EROL: EMNİYET MENSUPLARI TAYİNDEN KORKAR HALE GELDİ

Sayın Bakan Yardımcımız, Komisyon üyelerimiz, Komisyon Başkanımız da burada. Aslında, Türkiye'de kurumsal olarak kamu görevlileri adına her alanda yetki alanı olan ve sorumluluk alan ve risk alan teşkilatların başında Emniyet mensupları gelmekte. Niye? Bakın, bir pandemi süreci yaşadık, bir salgın hastalık süreci yaşadık; bütün devlet daireleri kapanırken evde çalışma yöntemi uygulanırken emniyet güçleri sokaktaydı, emniyet güçleri hastanedeydi yani nerede ihtiyaç duyulduysa orada var oldular ve sağlıkçılardan sonra pandemi sürecinde en fazla hayatını kaybeden de Emniyet mensupları. Sel baskını oluyor, emniyet güçleri orada; deprem oluyor, emniyet güçleri orada; sosyal aktiviteler oluyor, emniyet güçleri orada. Gelgelelim, emniyet güçleri bu kadar emeğin, bu kadar sorumluluğun karşılığını alıyorlar mı? Almıyorlar. Özellikle büyükşehirlerde ekonomik sıkıntılardan dolayı emniyet mensuplarının sorun yaşadığını dile getiren Erol: “Eskiden, İstanbul gibi, Ankara gibi, İzmir gibi büyükşehirlerin hepsinde polis lojmanları vardı; bu polis lojmanlarının hepsi yıkıldı, hepsi satıldı ve hepsi özelleştirildi. En azından, devlet, oraya giden polis memurunun barınma ve konut sorununu çözmek için... Polis lojmanı sırası gelenin en azından bir konut edinme, bir lojman edinme hakkı vardı ama şimdi hepsi talan edildi.
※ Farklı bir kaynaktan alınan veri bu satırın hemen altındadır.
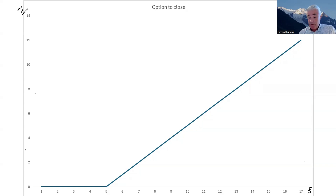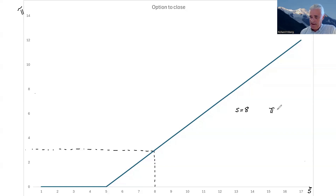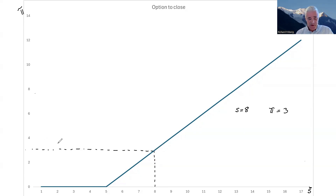Let's first look at a case where there's no uncertainty. Assume that the price of gold is equal to eight for sure. Reading off the profits, those profits in that case are equal to three. We could think of this as profits at the expected value of the price of gold if this were indeed a random variable — but if it happened to realize at the expected value, these are the profits you would have. We're then interested in how the value of this mine depends on the amount of risk you're facing.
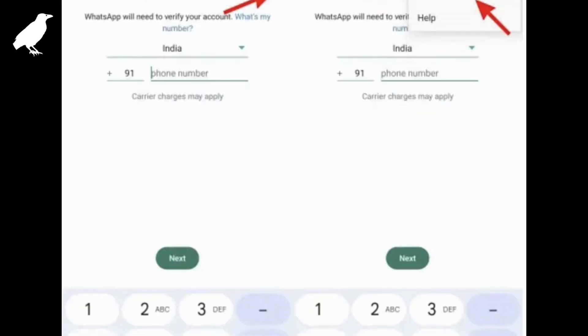In step two, you will be prompted to enter your phone number. However, we will ignore that and tap the three dots at the top right, then select the 'Link to Existing Account' option. You will now see a QR code, similar to WhatsApp Web, on your secondary device. This is the QR code we have to scan using your primary device.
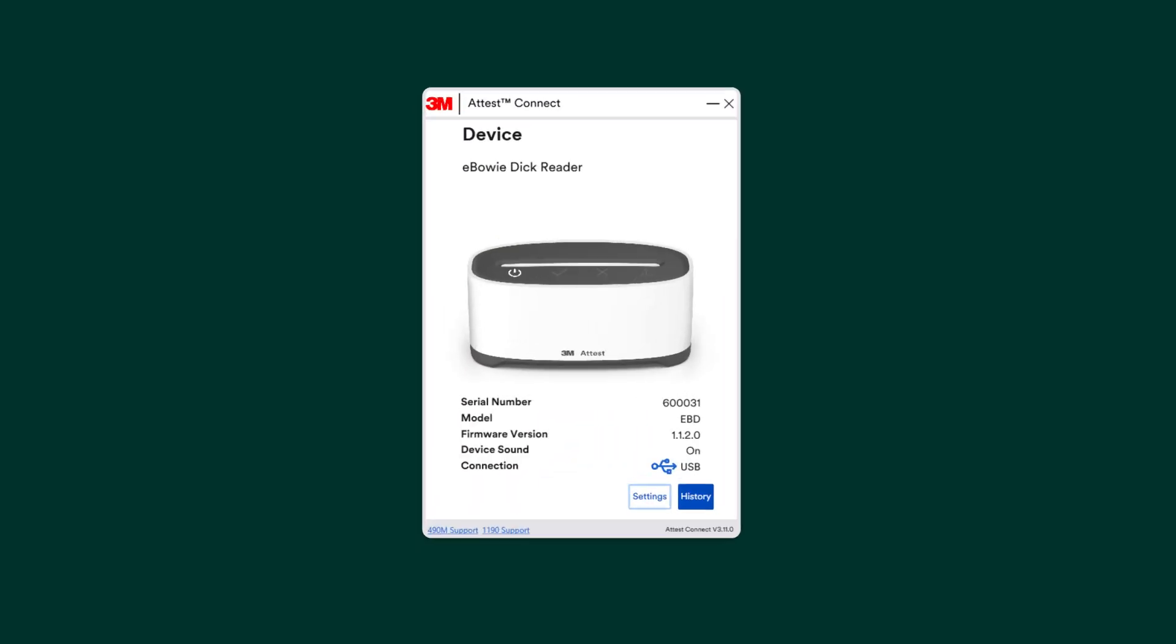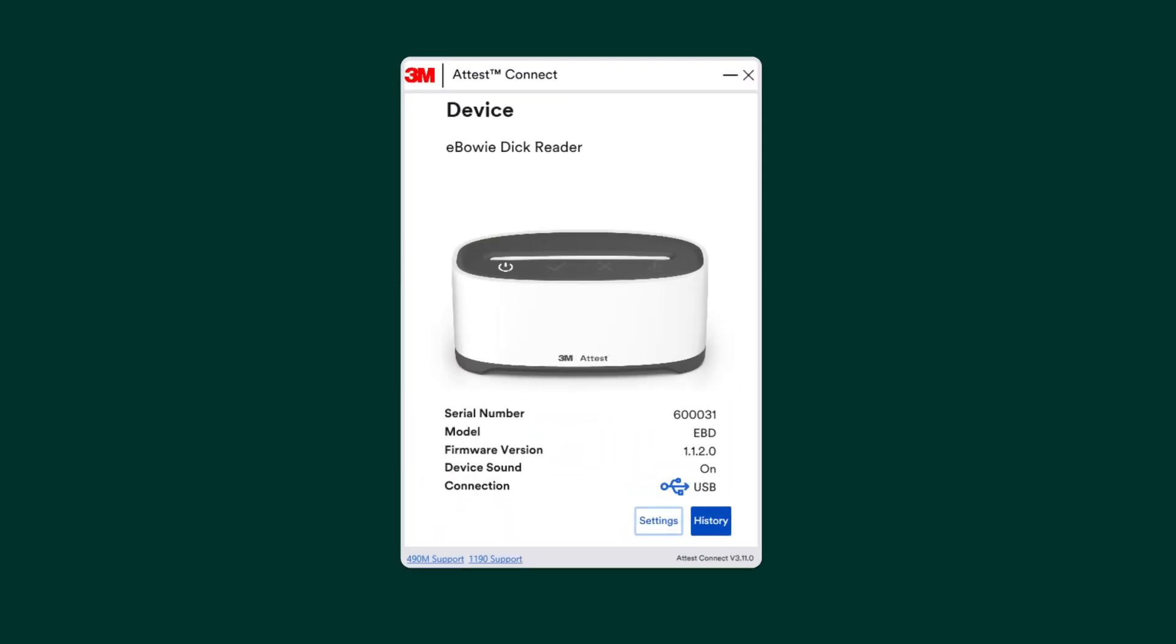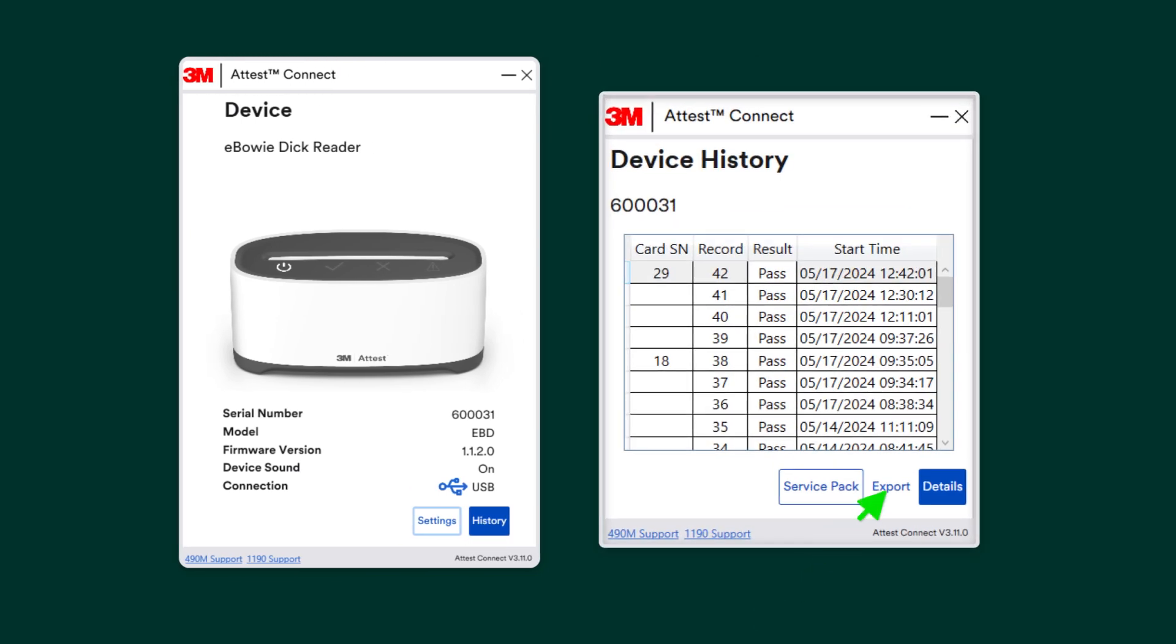To export your test results, first click on the History button. In the Device History window, click on the Export button. You can then save the results to your computer to store for your records or print.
Satıldığı için büyükşehirlerde memur olarak görev yapan Emniyet mensuplarının tayini çıktığı zaman hepsinin eli kolu titrer hâle geldi. "Biz burada nasıl yaşarız? Ev kirasını nasıl öderiz? Çocuklarımızın eğitim masraflarını nasıl karşılarız?" diye sorunlar yaşamaya başladılar. Milletvekili Gürsel Erol, emniyet mensuplarının haklarının iyileştirilmesiyle ilgili açıklamasında son olarak şunları kaydetti: “Sayın Bakan Yardımcım, Sayın Komisyon Başkanım; Emniyet mensuplarının sosyal haklarının düzeltilmesiyle ilgili, en kısa sürede İçişleri Komisyonuyla birlikte bir çalışma yaparak Emniyet mensuplarının sosyal haklarının ve özlük haklarının düzenlenmesiyle ilgili talebimi bu kürsüden yenilemek isterim” ifadelerini kullandı.